Customer testing
I have a friend who is a manager of another Boscov's store in Pennsylvania. I have indeed seen Sanitaire machines being used in Boscovs stores-- different branches. Boscov's is a department store that has always had a very decent display of vacuum cleaners, similar to Sears. Similar to Sears, they have always had numerous electrical outlets throughout each branch store for customers to play with them as they please.
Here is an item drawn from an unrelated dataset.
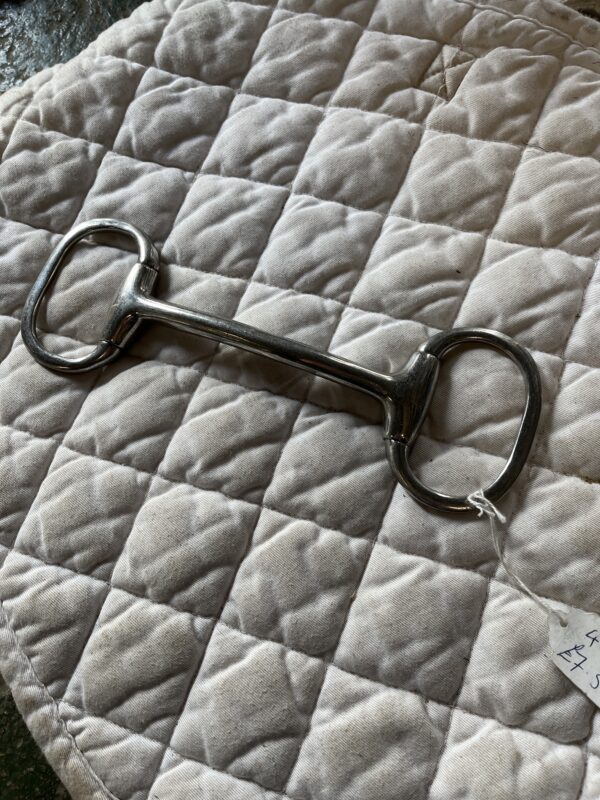 4 1/2” straight bar snaffle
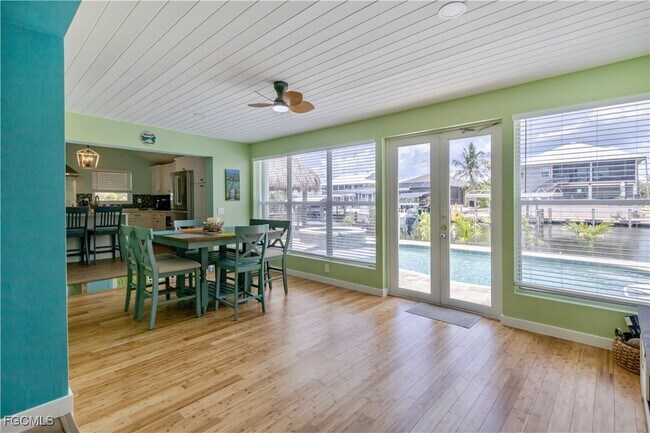 Foto del edificio - 2372 Baybreeze St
To be quite honest I think the dirt inside those canisters is quite minimal and looks like demo. I don't believe most department stores vacuum everyday as their stores are so large, I think its only a couple times a week. That being said when the machines are demoed on the regular stores rugs, they will definitely find some dirt. You might also imagine that ordinary janitorial staff is very quick and abusive with machines. They would not be doing a very good job vacuuming regardless what they use and crash, bang into everything. If indeed these machines were used by janitorial staff you would see lots of scuffs and scrapes from hitting different metal clothing racks, etc. With the poor quality vacuuming that many store janitors do, a demo unit will ABSOLUTELY find dirt! It only takes a few demos to get a fair amount in the there. The stores should leave some of that dirt in, as I've seen customers dump the dirt back onto the rug and test several machines to pick it up.
Around 1999 I worked for a restaurant in a mall. I went around to numerous stores in the mall to borrow a vacuum as our restaurant vac broke and the manager was cheap. Sears actually let me borrow one of their displays to clean our restaurant. I loved the vacuum. I borrowed a Hoover Windtunnel S3630 canister. As you can imagine in 1999 most vacuums were all bagged style. Bagless was still too new and only seen in a few machines such as the Fantoms. All of the Sears display units had dirt in the bags. It wasn't from the stores use of cleaning store, it was customers demoing them.
There are more consumers than you think out there smart enough to shop at department stores like Boscovs and Sears where you can actually plug in and use a machine on carpet for testing. Something you could just about never do at a Target, WalMart and many other Big Box store.